Mid-Week Laughs
A flight attendant was stationed at the departure gate to check tickets.
As a man approached, she extended her hand for the ticket, and he opened his trench coat
and flashed her. Without missing a beat she said, "Sir, I need to see your ticket,
not your stub."
A lady was picking through the frozen turkeys at the grocery store, but couldn't find one
big enough for her family. She asked a stock boy, "Do these turkeys get any
bigger?" The stock boy replied, "No ma'am, they're dead."
The cop got out of his car and the kid, that was stopped for speeding, rolled down his
window. "I've been waiting for you all day," the cop said. The kid replied,
"Yeah, well I got here as fast as I could." When the cop finally stopped
laughing, he sent the kid on his way without a ticket.
A truck driver was driving along on the freeway. A sign comes up that reads "low
bridge ahead." Before he knows it the bridge is right ahead of him and he gets stuck
under the bridge. Cars are backed up for miles. Finally, a police car comes up. The cop
gets out of his car and walks around to the truck driver, puts his hands on his hips and
says, "Got stuck, huh?" The
truck driver says, "No, I was delivering this bridge and ran out of gas."
The drunken wino was stumbling down the street with one foot on the curb and one foot in
the gutter.
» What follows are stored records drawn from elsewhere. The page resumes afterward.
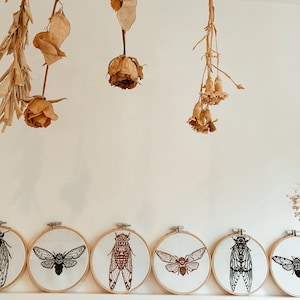 May include: Six embroidery hoops with black and brown cicada insect designs. The hoops are hanging on a white wall with dried flowers hanging above them.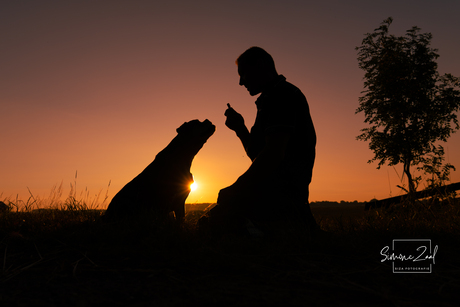 Liefde Baas- Hond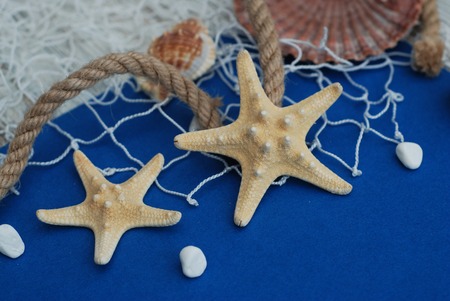 Starfish, Shell, Stones, Rope and Net Against a Blue Background. Summer Holliday. Nautical, Marrine conceptの写真素材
A cop pulled up and said, "I've got to take you in, sir. You're obviously
drunk." The wasted wino asked, "Ociffer, are ya absolutely sure I'm drunk?"
"Yeah, buddy, I'm sure," said the copper. "Let's go." Obviously
relieved, the wino said "That's a relief - I thought I
was a cripple."
The man was in no shape to drive, so he wisely left his car parked and walked home. As he
was walking unsteadily along, he was stopped by a policeman. "What are you doing out
here at 2 A.M.?" asked the officer. "I'm going to a lecture." The man said.
"And who is going to give a lecture at this hour?" the cop asked. "My
wife," said the man.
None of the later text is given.